The researchers from UCL and Harvard University tasked 97 study participants with categorising geometric shapes based on the shape's features. The participants were told whether their answers were correct and were also shown the answers of four other "co-players" who had completed the same task.
The co-players were actually computer algorithms designed to perform the task either extremely well or relatively poorly.
While completing the shape task, participants were also asked whether they agreed or disagreed with a number of political statements, such as "Immigration gives a boost to the national economy." The participants again saw how their "co-players" answered these questions. The researchers predetermined that some of the "co-players" would mostly agree with the participants on political issues while others would mostly disagree.
In a second stage of the experiment, the participants were shown a new set of shapes and were asked to categorise them correctly, with a financial reward promised that depended on their performance. For each shape they had an opportunity to view the answer of one of the co-players before making their final decision.
To increase their chances of answering correctly, the participants should have chosen to hear from those who had already demonstrated expertise on the task, regardless of political views. Yet instead, the participants sought and then followed the advice of the politically like-minded, even when a politically dissimilar co-player was better at the task.
"When we examined participants' impressions of the co-players we found they overestimated how good the politically like-minded were at the shape categorisation task. This misperception drove the participants to seek advice from the politically like-minded," said Professor Sharot.
"These results suggest that similarity creates an illusory perception of competence which generalises to unrelated domains.

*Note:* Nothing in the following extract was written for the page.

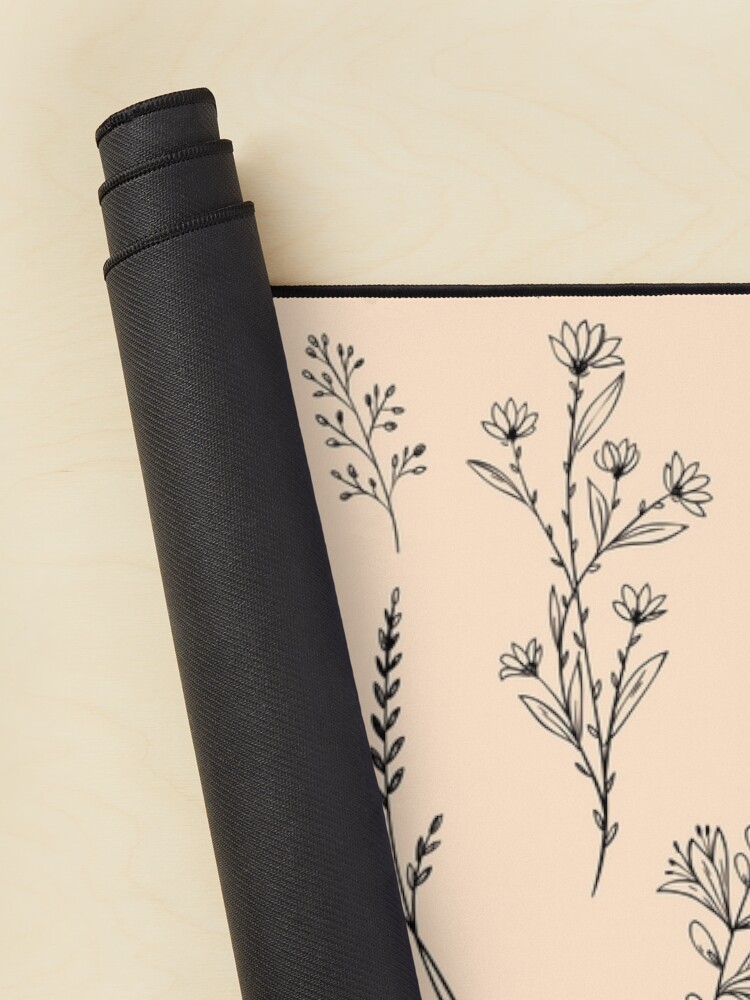 Thumbnail 2 von 5, Mauspad, Handgezeichnete Wildblumenaufkleber designt und verkauft von alexvoss.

This is an example of a halo effect - the tendency for positive evaluations in one area to influence evaluations in other areas," added PhD candidate Joseph Marks (UCL Psychology & Language Sciences), co-lead author of the paper.
"Our findings have clear real-world implications: If people seek out and listen to the advice of those who share their political beliefs over those who possess subject matter expertise, they may end up forming wildly inaccurate beliefs on topics where there are objectively correct answers," he said.
This study was funded by the Wellcome Trust.